Took one photo (with, alas, a dead oak tree;
there still are some live ones but didn’t catch them) before going down the Busey Woods hill. Whee! Stopped for some flower-watching along Crystal Lake Park, especially yellow coneflower,
blooming cup plant,
the first Gaura of the season,
and the huge, upright leaves and emerging flower stalk of prairie dock.
Rode through Crystal Lake Park and saw a groundhog (saw one earlier but it was too fast) that stopped long enough for me to photograph,
It was 73 degrees F, mostly clear, wind SW 7 mph at 5:12 am. Forwent my usual Friday morning swim to get an early start on today’s destination: Homer Lake. I don’t think I got to Homer Lake (by bike) at all last summer.
First did a loop of Meadowbrook Park,
stopping for a few photos of the mostly still-subdued bloom,
and also saw a doe with a little fawn, not very concerned as I passed them.
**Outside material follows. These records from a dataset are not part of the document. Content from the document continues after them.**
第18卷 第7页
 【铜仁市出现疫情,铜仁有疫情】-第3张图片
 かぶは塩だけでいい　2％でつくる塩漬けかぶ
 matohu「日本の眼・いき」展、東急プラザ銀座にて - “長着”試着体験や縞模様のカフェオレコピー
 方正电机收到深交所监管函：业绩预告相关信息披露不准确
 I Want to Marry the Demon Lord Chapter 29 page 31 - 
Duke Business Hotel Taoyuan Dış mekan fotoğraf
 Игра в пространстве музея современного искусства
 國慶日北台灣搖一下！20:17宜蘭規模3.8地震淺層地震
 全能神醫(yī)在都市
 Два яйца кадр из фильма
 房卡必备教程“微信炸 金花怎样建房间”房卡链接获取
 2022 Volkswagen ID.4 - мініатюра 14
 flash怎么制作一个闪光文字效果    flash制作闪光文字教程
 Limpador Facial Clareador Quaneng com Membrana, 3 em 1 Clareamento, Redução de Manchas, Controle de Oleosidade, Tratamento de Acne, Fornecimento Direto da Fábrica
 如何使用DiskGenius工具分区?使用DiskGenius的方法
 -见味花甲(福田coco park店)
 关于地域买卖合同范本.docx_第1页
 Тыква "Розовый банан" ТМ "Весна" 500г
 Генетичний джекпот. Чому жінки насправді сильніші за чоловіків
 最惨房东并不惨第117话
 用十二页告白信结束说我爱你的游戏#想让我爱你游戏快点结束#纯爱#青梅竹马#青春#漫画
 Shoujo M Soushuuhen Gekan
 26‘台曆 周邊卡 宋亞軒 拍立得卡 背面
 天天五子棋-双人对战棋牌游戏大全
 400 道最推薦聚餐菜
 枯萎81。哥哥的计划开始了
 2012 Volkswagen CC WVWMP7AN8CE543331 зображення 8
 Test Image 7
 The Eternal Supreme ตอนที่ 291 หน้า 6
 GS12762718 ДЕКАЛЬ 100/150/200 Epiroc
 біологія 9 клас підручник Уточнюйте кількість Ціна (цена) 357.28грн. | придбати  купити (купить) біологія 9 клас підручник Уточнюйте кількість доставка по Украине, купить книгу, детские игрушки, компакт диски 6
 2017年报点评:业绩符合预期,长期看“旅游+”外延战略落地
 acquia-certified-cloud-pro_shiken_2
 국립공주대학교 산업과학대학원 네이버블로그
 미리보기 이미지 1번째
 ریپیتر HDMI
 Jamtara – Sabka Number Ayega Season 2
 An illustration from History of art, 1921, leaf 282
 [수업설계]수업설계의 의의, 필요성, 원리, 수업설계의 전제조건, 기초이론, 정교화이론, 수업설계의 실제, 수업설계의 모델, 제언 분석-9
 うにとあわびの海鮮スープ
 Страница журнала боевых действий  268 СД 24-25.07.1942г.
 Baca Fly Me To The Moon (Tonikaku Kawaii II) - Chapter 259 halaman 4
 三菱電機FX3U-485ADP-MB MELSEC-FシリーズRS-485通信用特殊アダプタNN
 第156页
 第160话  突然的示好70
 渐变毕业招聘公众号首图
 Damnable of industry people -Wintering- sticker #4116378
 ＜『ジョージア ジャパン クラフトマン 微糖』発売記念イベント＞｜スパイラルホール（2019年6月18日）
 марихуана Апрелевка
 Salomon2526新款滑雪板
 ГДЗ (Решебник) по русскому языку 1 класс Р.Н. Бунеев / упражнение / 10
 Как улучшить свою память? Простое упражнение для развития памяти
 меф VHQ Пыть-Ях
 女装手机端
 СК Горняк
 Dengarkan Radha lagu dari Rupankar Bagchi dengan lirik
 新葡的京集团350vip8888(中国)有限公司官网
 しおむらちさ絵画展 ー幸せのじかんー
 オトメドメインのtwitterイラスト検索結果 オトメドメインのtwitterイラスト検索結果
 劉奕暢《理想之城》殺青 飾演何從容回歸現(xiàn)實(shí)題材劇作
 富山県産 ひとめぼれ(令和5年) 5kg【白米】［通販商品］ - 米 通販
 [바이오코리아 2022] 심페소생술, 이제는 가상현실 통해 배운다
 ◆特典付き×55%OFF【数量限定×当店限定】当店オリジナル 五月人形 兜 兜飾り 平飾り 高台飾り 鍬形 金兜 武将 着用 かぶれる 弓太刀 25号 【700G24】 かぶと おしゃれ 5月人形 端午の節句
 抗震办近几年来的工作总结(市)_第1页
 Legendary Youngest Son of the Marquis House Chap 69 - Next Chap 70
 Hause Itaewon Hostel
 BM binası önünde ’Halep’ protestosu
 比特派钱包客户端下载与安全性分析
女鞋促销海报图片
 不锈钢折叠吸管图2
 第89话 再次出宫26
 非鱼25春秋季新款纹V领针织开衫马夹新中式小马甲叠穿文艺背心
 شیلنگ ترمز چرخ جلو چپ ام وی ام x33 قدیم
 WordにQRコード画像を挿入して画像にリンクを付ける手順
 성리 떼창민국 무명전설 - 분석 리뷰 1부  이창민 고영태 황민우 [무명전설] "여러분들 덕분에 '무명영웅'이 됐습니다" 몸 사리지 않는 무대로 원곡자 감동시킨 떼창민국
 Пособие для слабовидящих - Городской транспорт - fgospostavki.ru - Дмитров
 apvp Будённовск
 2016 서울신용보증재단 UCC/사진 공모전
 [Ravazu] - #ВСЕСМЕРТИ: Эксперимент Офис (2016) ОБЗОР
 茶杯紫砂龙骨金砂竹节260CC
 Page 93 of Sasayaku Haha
Then headed back north on Race Street to Washington. Intended to ride Washington to Cottonwood, but got startled out of my original plan by the deep, sudden bark of a big dog, entirely too close to me, from behind, so turned north on Lierman and continued east on Main Street. Saw a gaggle (not sure how many that is supposed to be) of geese in front of the ILEAS offices. Looked like this year’s goslings were about grown up.
Noticed that the field across Main Street did not seem to be planted this year. Stopped at Weaver Park, where the bloom was pretty colorful: false sunflower,
mountain mint, Culver’s root, butterfly milkweed, black-eyed Susan were in bloom,
as was cup plant,
and the first Monarda.
All along the KRT, saw lots of cottontail rabbits. and lots of little ones, at that.
the poison hemlock and wild parsnip had pretty much gone to seed, Canada thistle was conspicuously full of fluffy seed heads.
The rising sun cast a golden light over the landscape.
Soapwort, exotic, but a nice pink touch to the trailside, were freshly blooming.
Noticed circles mounted on square wooden posts, every half mile or so, along the trail.
Presumably they will be some kind of marking of distance on the trail; hoped desperately that they would not contain references to the sandwich business named at the Salt Fork bridge. East of Fulls Siding there were numerous, though not exactly extensive, patches of Monarda in bloom.
At the Salt Fork bridge, could see several large fish in the water.
Continued into St. Joe and had an egg, spinach, and cheese wrap and latté at Geschenk Coffee Haus, sitting outside.
Then made my way to 5th, Peters, and Wiltshire to Homer Lake Road and Homer Lake!
The bloom was subdued at the edge of Homer Lake just west of the park entrance, but did catch some native flowers. And heard the squawk of a great blue heron.
Turned back on Homer Lake Road and stopped at the Lincoln historical marker with its little prairie planting, today featuring yellow coneflower and common and butterfly milkweed. and decided to catch Windsor Road to go east, so I could stop at Country Arbors plant nursery.
On the way crossed the tributary of the Salt Fork when I frequently have seen wood ducks, and there they were.
Wonder if they are managed by humans or if it’s just a great place for wood ducks.
Saw a flattened, dry snake. Alas.
Remembered why I seldom take Windsor back from Homer Lake: it’s hot and straight
and uphill a lot going west (or is it the wind?), and carries a fair amount of traffic. Stopped at Country Arbors,
which had some nice plants.
It was a lovely 20-some mile ride, but by the time I got back to town, was pretty ready to rest.
It was 67 degrees F, mostly sunny, wind S (but didn’t record the velocity). Another glorious morning, and though there wasn’t time for a proper ride, wanted not to miss the progression of the summer prairie bloom.